I’ve just read an article by Carter Phipps in What Is Enlightenment? that has me rethinking my long-cherished assumptions about peace. Many of us who are preoccupied with becoming more ‘enlightened’ or ‘spiritual’ believe that we should be cultivating extreme equanimity or serenity within ourselves and spreading peace throughout the rest of the world. And we can point to great sages and sacred texts that reinforce this view and inspire us to act accordingly. “Blessed are the peacemakers,” says Jesus in the Sermon on the Mount, “for they shall be called the children of God.” “Be peace,” urges Thich Nhat Hanh. “One day,” said Martin Luther King, “we must come to see that peace is not only a distant good but a means by which we arrive at that good.”
Yet, many of the same sacred texts and wisdom traditions that exhort us to make peace also defend violence and war under certain conditions. The Jewish Talmud says, “If a man comes to kill you, forestall it by killing him.” Saint Thomas Aquinas writes: [In order] “for a war to be just, three things are necessary. First, the authority of the sovereign. . . . Secondly, a just cause. . . . Thirdly . . . a rightful intention.” The Hindu Bhagavad Gita has the divine Krishna admonishing the great warrior Arjuna, anguished over the prospect of shedding blood in the cataclysmic battle shaping up before them, to “Arise with a brave heart and destroy the enemy.” And when we look at the real world where nations invade and plunder other nations for wealth and power; of rape, torture, and forced labor camps; and of genocidal holocausts, it seems pitifully naive to think that we could end this horrendous violence, suffering, and death with a peaceful response. It’s true that Gandhi eventually gained India’s independence with nonviolent resistance to British colonial rule, but does anyone seriously believe that he would have had the same success with the Nazis or Khmer Rouge?

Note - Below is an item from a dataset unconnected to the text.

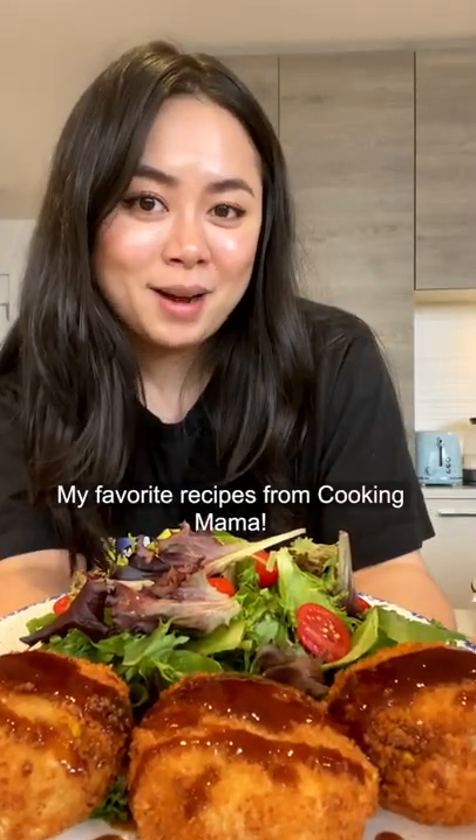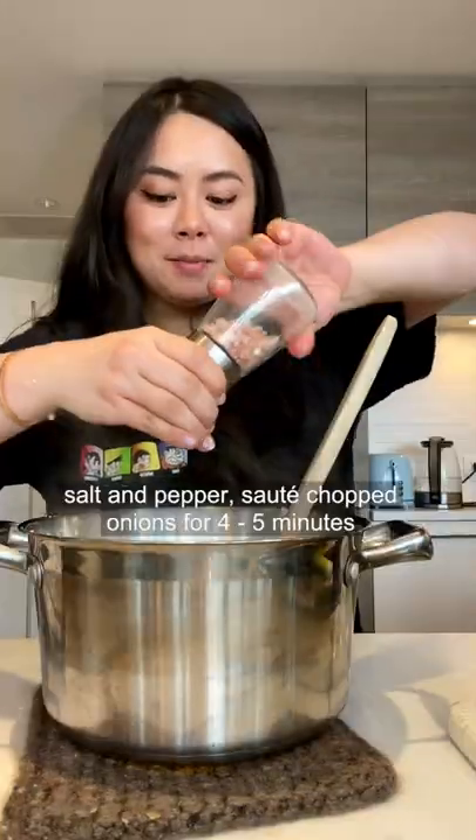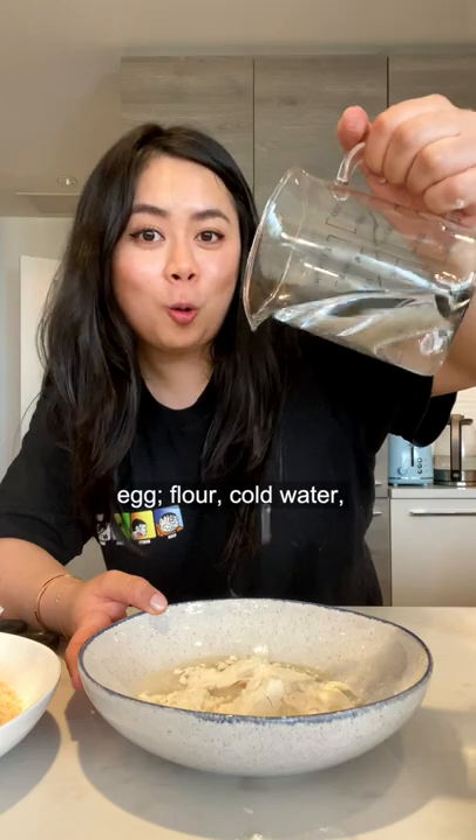My favorite recipes from Cooking Mama: boil the potato and garlic until soft, mash the potatoes, add salt and pepper, sauté chopped onions for four to five minutes, add in corn, sautéed onions, mash everything up together, then mix in egg, flour, and cold water.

No, it seems that even the most steadfastly moral or loftily spiritual person or nation must have might behind their being right and be willing to exercise it when there is no other recourse for defending against immoral or unspiritual violence. As Robert Cooper, former advisor to Tony Blair, once said: “Force without legitimacy brings chaos: legitimacy without force will be overthrown.”
Yet, Phipps argues that the desirability of peace is an even broader issue than one of just defending against aggression. Carl Sagan wrote that “We are star stuff, contemplating the stars.” And when we look at the unfathomably vast universe from which we arose as well as the natural world around us, we see the apocalyptic violence of the Big Bang, colliding galaxies, and exploding suns in the cosmos and the redness of tooth and claw on Earth. It seems that we are born out of cosmic and natural violence and sustained by it, and, furthermore, many physical and biological scientists contend that the physical universe, the biological world, and we human beings are dynamic processes whose “Evolution proceeds by the greatest amount of conflict or tension that the organism or living system can creatively bear,” says former environmental activist turned Christian minister Michael Dowd. In other words, without the peace-defying stresses of tension, conflict, and even violence, there is physical and biological stagnation. And if this is true, is it any great stretch to think that utter peace throughout the world and serenity within the individual might stifle psychological, cultural, and spiritual growth within people and nations?